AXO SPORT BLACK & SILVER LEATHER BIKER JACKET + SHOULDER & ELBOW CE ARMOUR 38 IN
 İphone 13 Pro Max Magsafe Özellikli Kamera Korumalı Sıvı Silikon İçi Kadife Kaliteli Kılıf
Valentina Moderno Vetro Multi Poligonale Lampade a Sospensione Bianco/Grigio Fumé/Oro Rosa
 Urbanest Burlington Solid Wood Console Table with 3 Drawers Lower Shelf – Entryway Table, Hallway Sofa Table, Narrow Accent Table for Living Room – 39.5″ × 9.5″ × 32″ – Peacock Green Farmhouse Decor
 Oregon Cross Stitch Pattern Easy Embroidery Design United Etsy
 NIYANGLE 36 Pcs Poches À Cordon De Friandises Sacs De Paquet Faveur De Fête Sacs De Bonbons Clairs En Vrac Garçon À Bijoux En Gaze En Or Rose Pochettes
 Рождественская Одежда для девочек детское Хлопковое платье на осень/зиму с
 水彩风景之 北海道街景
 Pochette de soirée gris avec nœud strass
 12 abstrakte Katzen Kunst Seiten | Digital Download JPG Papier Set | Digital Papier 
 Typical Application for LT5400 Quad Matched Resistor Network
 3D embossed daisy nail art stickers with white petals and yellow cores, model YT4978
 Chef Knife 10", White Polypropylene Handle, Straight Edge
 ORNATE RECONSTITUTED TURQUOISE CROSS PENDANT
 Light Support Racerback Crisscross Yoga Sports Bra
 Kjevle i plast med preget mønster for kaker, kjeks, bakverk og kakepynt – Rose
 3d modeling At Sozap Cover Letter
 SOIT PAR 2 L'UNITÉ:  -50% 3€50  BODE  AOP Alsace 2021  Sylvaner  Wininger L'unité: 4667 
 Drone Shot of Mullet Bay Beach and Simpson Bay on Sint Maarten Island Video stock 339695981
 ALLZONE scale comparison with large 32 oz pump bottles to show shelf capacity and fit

The problem >>
Working from the material above, restate word for word the lines between the line with "Рождественская Одежда для" and the line with "3D embossed daisy", both included, and only those.

Task result >>
 Рождественская Одежда для девочек детское Хлопковое платье на осень/зиму с
 水彩风景之 北海道街景
 Pochette de soirée gris avec nœud strass
 12 abstrakte Katzen Kunst Seiten | Digital Download JPG Papier Set | Digital Papier 
 Typical Application for LT5400 Quad Matched Resistor Network
 3D embossed daisy nail art stickers with white petals and yellow cores, model YT4978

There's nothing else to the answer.